▸ ACTION ITEM: The line that contains "Geekworm X Ups1" marks the end: retype the data below exactly from its first line through that line.

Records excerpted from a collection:
● ● ● ● ● ● ●

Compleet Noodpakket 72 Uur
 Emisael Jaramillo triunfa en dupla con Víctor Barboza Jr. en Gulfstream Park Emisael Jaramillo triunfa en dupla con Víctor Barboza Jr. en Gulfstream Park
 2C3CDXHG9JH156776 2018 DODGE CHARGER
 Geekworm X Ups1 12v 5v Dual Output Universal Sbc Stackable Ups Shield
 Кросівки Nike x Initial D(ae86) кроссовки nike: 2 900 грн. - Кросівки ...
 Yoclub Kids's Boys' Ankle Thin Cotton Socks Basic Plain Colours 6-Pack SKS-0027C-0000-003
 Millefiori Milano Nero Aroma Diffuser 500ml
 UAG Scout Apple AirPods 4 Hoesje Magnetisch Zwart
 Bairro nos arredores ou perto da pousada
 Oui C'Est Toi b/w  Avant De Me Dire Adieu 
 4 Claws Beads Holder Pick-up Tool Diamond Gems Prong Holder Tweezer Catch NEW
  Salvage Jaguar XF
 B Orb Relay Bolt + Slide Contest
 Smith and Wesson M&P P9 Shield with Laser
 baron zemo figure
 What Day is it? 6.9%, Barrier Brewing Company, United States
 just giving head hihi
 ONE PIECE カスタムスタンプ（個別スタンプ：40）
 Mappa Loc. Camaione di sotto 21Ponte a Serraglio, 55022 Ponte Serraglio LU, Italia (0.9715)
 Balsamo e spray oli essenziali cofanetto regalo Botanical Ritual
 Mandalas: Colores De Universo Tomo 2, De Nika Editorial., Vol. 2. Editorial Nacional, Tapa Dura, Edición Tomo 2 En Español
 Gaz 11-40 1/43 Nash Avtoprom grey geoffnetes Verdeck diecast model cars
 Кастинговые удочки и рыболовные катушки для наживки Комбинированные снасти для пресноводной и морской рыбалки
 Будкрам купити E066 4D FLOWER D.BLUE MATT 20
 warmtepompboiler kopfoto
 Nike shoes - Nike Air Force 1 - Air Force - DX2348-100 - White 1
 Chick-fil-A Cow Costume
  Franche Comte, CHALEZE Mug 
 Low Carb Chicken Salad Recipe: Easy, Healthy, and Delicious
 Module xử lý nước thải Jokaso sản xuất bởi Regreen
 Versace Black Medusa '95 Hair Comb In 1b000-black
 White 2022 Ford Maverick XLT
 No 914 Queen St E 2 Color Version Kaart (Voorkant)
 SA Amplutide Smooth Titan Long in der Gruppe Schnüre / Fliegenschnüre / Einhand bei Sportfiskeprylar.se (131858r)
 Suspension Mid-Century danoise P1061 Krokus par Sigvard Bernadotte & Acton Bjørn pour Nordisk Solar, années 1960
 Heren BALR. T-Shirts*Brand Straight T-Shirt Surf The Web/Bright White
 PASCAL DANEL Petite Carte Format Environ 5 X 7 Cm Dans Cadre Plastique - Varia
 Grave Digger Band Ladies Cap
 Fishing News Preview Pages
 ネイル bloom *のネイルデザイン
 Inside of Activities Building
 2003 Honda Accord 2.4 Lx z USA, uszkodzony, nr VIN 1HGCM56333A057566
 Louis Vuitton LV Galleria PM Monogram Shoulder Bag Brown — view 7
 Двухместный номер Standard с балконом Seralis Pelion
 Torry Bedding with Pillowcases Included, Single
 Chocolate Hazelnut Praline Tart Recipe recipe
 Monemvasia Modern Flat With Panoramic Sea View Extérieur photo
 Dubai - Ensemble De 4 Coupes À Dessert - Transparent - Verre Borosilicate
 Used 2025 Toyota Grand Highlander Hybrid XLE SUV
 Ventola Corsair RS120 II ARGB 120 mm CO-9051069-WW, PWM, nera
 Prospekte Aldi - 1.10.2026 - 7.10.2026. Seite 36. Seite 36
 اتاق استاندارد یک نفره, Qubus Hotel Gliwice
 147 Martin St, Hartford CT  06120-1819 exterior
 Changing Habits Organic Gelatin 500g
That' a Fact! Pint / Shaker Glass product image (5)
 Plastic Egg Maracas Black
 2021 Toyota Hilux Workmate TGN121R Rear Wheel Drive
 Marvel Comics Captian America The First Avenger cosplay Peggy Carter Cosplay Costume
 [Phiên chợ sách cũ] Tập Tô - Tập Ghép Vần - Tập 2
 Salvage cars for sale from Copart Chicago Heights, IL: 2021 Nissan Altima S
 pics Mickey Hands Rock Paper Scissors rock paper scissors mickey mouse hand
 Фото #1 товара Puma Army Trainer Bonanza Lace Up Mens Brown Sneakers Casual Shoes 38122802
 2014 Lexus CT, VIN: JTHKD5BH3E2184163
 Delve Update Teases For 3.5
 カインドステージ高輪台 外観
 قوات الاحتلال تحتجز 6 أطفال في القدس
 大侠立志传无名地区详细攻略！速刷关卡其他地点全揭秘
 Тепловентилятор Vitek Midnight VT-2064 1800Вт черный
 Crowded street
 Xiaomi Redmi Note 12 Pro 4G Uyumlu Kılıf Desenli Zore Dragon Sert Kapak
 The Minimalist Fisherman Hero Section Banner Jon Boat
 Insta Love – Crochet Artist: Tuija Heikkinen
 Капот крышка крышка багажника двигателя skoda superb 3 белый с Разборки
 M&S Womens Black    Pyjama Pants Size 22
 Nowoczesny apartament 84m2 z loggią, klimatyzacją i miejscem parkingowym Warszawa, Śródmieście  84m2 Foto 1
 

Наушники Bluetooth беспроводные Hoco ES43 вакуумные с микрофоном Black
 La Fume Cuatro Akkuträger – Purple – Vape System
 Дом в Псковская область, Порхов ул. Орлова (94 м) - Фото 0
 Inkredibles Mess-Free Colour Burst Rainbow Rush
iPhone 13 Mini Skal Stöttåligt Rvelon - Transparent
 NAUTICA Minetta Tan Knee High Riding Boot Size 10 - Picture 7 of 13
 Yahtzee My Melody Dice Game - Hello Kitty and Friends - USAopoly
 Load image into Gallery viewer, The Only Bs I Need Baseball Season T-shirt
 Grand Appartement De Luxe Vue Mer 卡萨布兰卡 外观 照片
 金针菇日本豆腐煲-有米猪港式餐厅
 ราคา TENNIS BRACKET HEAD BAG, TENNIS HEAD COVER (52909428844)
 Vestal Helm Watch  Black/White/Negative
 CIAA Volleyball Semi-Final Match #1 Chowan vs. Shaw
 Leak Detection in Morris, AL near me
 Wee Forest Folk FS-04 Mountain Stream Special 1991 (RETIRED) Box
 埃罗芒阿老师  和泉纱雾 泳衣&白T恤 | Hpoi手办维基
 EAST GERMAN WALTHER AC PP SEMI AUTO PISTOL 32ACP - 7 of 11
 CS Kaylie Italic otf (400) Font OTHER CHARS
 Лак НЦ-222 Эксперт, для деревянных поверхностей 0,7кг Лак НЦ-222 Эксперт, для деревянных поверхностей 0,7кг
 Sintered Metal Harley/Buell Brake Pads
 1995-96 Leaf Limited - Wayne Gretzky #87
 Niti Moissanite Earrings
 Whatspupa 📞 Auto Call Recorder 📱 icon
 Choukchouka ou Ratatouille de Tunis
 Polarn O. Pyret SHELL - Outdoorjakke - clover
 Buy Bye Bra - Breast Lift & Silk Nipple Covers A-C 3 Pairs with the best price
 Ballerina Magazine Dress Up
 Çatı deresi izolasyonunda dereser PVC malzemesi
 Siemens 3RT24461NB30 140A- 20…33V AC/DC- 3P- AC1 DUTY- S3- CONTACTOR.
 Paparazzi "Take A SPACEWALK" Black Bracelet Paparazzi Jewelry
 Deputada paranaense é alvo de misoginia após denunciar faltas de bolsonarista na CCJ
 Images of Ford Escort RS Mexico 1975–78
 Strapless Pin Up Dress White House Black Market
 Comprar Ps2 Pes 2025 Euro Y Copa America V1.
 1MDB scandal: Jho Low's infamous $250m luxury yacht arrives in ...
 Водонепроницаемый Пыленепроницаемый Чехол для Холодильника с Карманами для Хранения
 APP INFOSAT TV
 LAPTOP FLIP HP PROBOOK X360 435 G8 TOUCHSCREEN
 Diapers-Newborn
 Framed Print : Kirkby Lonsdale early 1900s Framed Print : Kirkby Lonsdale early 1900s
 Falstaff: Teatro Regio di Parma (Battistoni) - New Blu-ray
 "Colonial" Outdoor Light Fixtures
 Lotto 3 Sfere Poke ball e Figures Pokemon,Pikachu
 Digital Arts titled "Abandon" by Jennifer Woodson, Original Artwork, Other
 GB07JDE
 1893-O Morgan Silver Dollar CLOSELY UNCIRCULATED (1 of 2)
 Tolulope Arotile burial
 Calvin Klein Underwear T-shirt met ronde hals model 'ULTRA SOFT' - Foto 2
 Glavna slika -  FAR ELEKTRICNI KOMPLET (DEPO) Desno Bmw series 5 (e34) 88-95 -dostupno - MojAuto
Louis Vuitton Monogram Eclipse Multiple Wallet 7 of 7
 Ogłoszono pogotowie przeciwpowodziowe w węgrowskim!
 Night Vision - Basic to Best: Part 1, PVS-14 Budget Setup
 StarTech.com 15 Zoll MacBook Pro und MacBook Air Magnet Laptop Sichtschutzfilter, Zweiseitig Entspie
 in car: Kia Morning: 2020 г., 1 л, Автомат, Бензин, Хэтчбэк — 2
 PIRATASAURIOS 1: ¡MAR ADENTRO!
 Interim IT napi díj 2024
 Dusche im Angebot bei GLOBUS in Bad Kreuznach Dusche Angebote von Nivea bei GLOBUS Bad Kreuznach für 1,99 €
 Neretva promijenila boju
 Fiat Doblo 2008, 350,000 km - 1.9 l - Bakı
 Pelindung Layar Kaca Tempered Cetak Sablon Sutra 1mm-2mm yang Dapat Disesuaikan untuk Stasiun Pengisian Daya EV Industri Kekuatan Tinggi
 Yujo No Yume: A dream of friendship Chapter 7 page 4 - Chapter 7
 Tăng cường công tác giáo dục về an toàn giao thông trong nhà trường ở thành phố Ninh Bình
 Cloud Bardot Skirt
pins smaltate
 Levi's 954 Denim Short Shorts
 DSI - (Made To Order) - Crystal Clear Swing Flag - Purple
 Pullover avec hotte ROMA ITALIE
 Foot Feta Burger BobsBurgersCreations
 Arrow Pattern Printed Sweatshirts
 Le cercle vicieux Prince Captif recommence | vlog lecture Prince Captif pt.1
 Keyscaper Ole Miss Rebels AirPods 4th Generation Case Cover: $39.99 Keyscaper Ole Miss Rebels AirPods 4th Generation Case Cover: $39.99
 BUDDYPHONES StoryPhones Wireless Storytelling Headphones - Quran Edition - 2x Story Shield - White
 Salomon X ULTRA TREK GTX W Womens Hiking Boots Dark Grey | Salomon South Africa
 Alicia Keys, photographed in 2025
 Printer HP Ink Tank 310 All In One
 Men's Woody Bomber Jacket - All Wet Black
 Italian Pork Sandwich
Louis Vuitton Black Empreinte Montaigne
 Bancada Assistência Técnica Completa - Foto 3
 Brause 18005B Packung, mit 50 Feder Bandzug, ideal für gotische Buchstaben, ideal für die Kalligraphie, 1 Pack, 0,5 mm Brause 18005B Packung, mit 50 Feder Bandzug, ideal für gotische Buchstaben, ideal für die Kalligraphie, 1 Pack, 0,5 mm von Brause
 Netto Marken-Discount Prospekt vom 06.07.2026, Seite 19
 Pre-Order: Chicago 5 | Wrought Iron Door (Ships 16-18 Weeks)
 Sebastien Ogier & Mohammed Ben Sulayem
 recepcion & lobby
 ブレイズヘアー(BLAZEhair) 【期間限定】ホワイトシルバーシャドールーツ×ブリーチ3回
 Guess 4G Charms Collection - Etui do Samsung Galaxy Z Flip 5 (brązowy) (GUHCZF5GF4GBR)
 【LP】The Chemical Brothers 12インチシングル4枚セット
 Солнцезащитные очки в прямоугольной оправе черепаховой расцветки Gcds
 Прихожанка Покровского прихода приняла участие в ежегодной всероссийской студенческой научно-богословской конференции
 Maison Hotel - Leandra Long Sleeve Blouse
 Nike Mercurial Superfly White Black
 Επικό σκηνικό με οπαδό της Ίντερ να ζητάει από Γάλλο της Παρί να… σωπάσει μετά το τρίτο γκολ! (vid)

● ● ● ● ● ● ●

▸ ANSWER TO THIS PROBLEM:
Compleet Noodpakket 72 Uur
 Emisael Jaramillo triunfa en dupla con Víctor Barboza Jr. en Gulfstream Park Emisael Jaramillo triunfa en dupla con Víctor Barboza Jr. en Gulfstream Park
 2C3CDXHG9JH156776 2018 DODGE CHARGER
 Geekworm X Ups1 12v 5v Dual Output Universal Sbc Stackable Ups Shield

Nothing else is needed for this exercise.